Denoising Diffusion Probabilistic Models

Authors: Jonathan Ho, Ajay Jain, Pieter Abbeel Year: 2020 Source: arXiv:2006.11239

One-Sentence Summary

This paper shows that a neural network trained to gradually remove noise from images – reversing a process that slowly corrupts clean images into pure static – can generate remarkably realistic new images from scratch.

Problem Statement

By 2020, several families of generative models could produce images: GANs (see Generative Adversarial Nets) could generate sharp images but suffered from training instability and mode collapse. VAEs (see Auto-Encoding Variational Bayes) were stable to train but produced blurry outputs. Autoregressive models generated high-quality samples but were painfully slow because they produced images one pixel at a time.

A class of models called diffusion probabilistic models had been proposed in 2015 by Sohl-Dickstein et al., drawing on ideas from nonequilibrium thermodynamics (the physics of systems not in steady state). The idea was appealing: define a simple process that gradually destroys data by adding noise, then learn to reverse that process. But nobody had shown these models could actually produce images competitive with GANs or other state-of-the-art approaches. The original diffusion models produced poor-quality samples and had no clear path to improvement.

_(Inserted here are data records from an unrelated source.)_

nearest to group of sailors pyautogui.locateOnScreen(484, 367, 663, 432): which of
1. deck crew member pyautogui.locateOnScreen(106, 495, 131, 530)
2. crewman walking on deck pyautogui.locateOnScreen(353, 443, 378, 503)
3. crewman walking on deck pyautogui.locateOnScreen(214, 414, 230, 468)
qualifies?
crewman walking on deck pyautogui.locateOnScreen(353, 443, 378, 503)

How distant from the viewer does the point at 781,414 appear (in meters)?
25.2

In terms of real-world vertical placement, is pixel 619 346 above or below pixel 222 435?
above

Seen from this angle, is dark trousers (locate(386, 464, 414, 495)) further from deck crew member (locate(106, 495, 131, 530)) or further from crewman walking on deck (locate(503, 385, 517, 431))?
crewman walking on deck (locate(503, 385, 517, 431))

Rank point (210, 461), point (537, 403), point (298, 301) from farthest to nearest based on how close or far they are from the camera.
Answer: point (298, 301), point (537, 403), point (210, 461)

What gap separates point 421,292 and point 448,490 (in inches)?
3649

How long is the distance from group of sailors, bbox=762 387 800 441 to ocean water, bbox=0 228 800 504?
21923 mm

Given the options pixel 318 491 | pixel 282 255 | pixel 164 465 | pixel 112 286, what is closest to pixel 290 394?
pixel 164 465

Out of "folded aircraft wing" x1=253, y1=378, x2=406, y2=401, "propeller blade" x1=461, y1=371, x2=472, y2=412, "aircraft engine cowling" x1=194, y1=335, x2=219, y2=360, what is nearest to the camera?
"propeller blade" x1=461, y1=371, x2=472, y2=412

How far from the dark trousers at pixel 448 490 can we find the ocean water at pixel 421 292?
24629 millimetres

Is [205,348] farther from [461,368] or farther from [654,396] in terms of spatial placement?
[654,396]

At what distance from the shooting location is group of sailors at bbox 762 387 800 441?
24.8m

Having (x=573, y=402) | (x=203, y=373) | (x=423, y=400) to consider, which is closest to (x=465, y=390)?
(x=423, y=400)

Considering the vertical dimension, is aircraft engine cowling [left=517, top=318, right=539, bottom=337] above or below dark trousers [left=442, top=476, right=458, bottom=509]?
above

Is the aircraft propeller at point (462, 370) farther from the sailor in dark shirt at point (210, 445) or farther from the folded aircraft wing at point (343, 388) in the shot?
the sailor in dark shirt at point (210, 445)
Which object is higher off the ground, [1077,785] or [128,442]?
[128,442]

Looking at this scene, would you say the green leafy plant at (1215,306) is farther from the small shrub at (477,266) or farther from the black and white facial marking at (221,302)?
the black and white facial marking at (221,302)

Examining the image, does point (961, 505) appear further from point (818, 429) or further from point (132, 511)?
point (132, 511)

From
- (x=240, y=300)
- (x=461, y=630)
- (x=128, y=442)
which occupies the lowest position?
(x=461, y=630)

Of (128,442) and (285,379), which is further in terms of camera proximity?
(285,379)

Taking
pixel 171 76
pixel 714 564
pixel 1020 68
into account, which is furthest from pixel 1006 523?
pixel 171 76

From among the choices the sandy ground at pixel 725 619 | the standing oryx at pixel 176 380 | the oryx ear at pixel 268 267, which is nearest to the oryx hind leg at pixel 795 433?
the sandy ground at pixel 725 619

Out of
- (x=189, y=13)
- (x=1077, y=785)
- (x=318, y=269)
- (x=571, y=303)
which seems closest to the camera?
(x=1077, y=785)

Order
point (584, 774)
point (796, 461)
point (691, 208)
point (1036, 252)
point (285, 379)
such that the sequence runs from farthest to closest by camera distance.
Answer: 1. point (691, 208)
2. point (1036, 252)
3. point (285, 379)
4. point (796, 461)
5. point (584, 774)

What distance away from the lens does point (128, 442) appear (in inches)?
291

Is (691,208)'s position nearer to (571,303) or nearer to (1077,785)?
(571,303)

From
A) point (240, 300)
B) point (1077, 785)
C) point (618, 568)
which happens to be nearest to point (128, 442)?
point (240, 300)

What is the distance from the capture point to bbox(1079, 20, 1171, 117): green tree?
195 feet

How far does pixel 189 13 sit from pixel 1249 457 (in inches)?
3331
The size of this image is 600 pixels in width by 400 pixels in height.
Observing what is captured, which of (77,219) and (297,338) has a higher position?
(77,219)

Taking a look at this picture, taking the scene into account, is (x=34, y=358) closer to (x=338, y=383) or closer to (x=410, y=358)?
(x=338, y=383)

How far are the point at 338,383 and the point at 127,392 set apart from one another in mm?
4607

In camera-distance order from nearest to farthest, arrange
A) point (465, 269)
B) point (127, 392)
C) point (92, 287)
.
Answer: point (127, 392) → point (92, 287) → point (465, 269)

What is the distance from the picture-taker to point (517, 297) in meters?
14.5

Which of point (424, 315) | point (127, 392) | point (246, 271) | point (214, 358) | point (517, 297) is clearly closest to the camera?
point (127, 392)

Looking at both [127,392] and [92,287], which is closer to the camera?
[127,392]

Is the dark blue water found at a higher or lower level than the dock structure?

The core challenge was threefold. First, the model must learn to reverse 1000 steps of noise addition – each step slightly different – which means learning a complex, time-dependent denoising function. Second, training such a model required optimizing a variational bound (a tractable approximation to the true objective) that had many terms, and it was unclear which parameterization of the model would work best. Third, even if training succeeded, sampling required running the full 1000-step reverse chain, making generation slow compared to single-shot approaches like GANs.

Key Innovation

Think of this paper’s method like restoring a photograph that has been progressively damaged. Imagine you take a crisp photograph and make 1000 photocopies in sequence, where each copy introduces a tiny amount of static. By copy 1000, the image is pure static – no trace of the original remains. Now imagine you train someone to look at any intermediate copy and guess what the previous (slightly less noisy) copy looked like. If that person gets good enough at this one-step cleanup, you can hand them pure static and ask them to clean it up 1000 times in a row, and they will produce a photorealistic image that never existed before.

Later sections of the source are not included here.